Lindenbergh: Vor allem PE-Investoren sind mit ihren Maklerplattformen derzeit dabei, ein gewisses Volumen zu erreichen, da sie nur so notwendige Synergieeffekte in ihren Kostenstrukturen erzielen können. Wie sie diese Mindestgröße erreichen wollen, dazu gibt es unterschiedliche Ansätze. Allen liegt eine bestimmte Fokussierung zugrunde. Das kann sich auf die Größe beziehen, zum Beispiel auf kleine und mittlere Unternehmen in einer bestimmten Region oder auch auf eine bestimmte Branche oder ein Versicherungssegment.

finanzwelt: Inwiefern ist das Thema Internationalisierung so wichtig? Welche Vorteile ergeben sich aus paneuropäischen Strukturen?

Lindenbergh: Ein wichtiger Grund für die internationale Expansion ist es, lokale Roll-up-Strategien, wie wir sie bereits aus Großbritannien und USA kennen, nun auch in anderen Ländern durchzuführen. Das Vorgehen ist erprobt und verspricht Erfolg.

Zudem sind internationale Versicherungsmaklernetze von Konsolidierungen betroffen. Einige ausländische Unternehmen, die in der Vergangenheit von deutschen Versicherungsmaklern genutzt wurden, sind nun Teil einer größeren internationalen Gruppe geworden, die mit den Versicherungsmaklernetzen konkurriert.
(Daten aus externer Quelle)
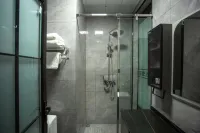 진 하얏트 호텔, 루셴 카운티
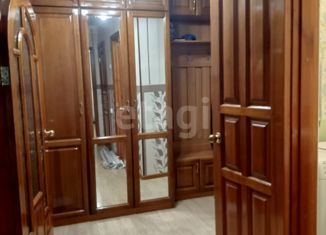 Продам 2-ком. квартиру, 64.7 м2, Бирск, улица Мира, 148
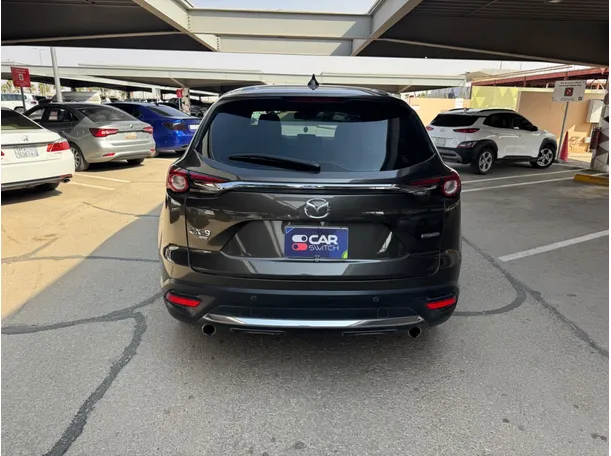 Car image 6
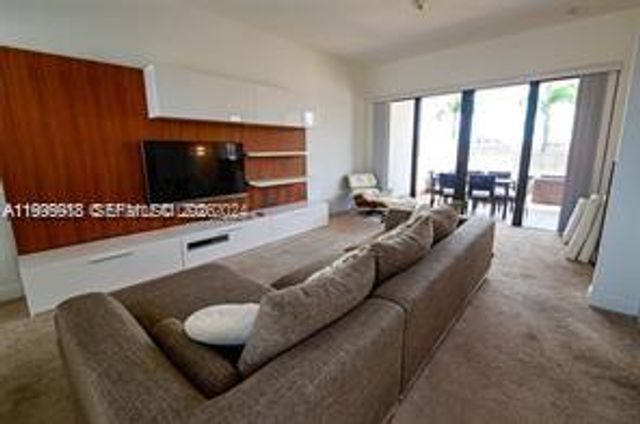 8375 NW 51st Ter 1, Doral, FL 33166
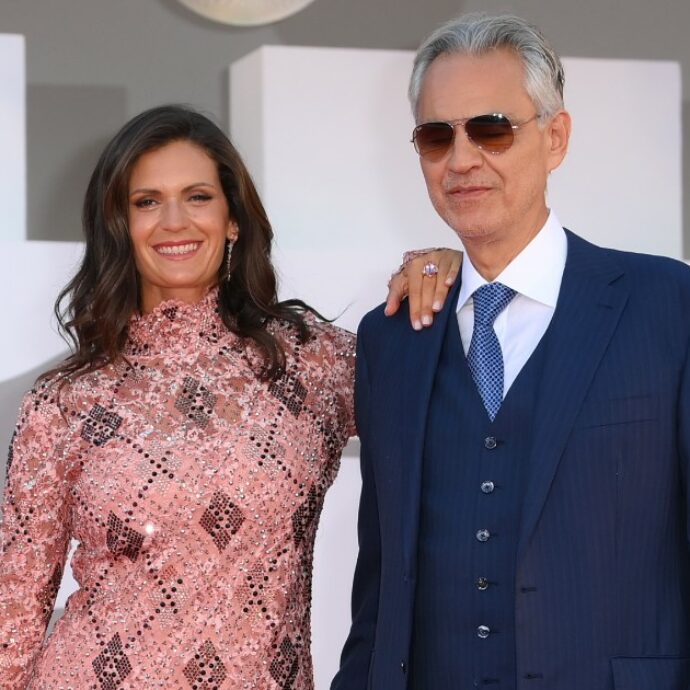 “Mi sono tolta la gonna nei corridoi del Palazzo della Regina e sono salita con Andrea Bocelli sul tetto per prendere un elicottero”: la mirabolante ‘fuga’ di Veronica Berti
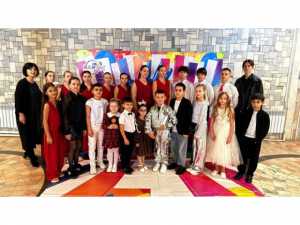 Лауреаты I степени: вокальная группа из Октябрьского района в числе победителей международного конкурсе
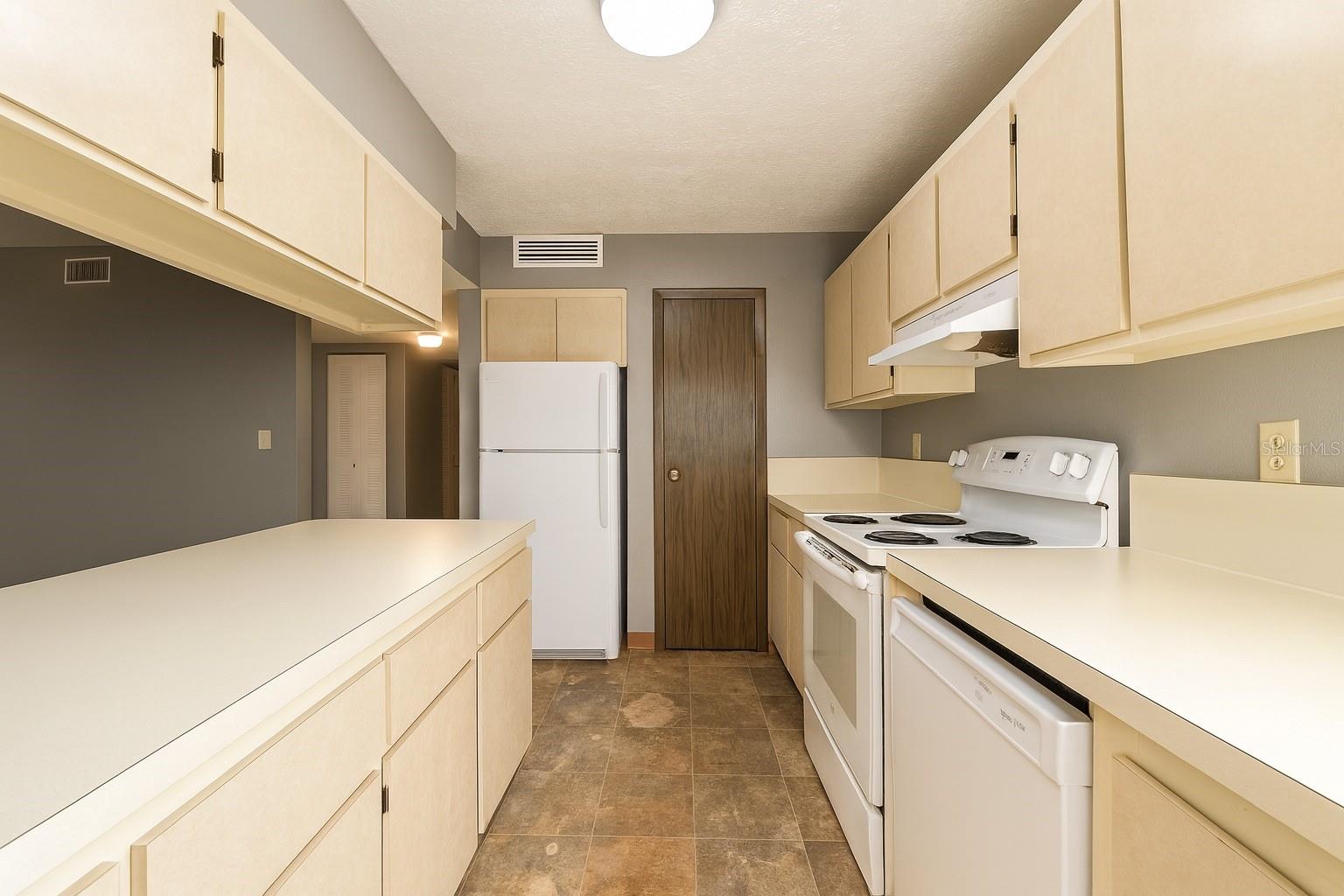 GC528984 Property Photo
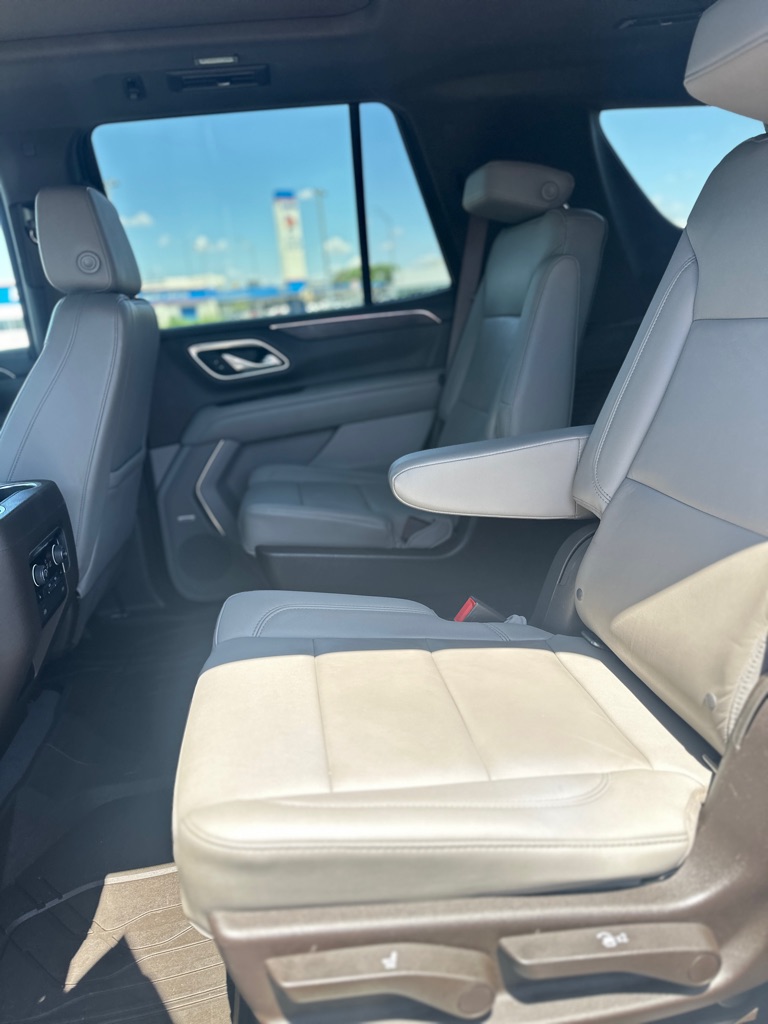 Photo 30 of this CHEVROLET TAHOE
Außerdem bringt die Internationalisierung weitere Vorteile. Es wird einfacher, ein einheitliches Serviceniveau zu gewährleisten und die Komplexität für internationale Kunden zu verringern. Grundsätzlich sind internationale Netze besser in der Lage, Kunden, die global wachsen, in verschiedenen Ländern zu unterstützen.

Nachteile, die aus dieser Entwicklung entstehen können, sind eine zunehmende organisatorische Komplexität und der mögliche Verlust von unternehmerischem Denken, das in vielen lokalen Unternehmen stark verankert ist.

finanzwelt: Wo stehen die deutschen Versicherungsmakler im internationalen Vergleich?

Lindenbergh: Die Konsolidierung hat in den letzten Jahren auch in Deutschland Einzug gehalten und nimmt gerade deutlich an Fahrt auf. Im Vergleich zu Großbritannien und insbesondere zu den USA, wo dieser Trend bereits seit 20 Jahren anhält, ist er hier jedoch relativ neu. Mit 46.000 Versicherungsmaklern gibt es in Deutschland noch viel Spielraum für eine Konsolidierungswelle. Diese hat bisher weitgehend regional stattgefunden oder mit der Erweiterung des Produktangebots durch die Übernahme von Maklern, die bestimmte Spezialrisiken abdecken.

Es gibt noch viele Möglichkeiten, nationale Maklergruppen zu schaffen, die neben den drei führenden internationalen Netzwerken, die sich in erster Linie auf die Unterstützung von Großunternehmen konzentrieren, Dienstleistungen für kleinere und mittlere Unternehmen anbieten.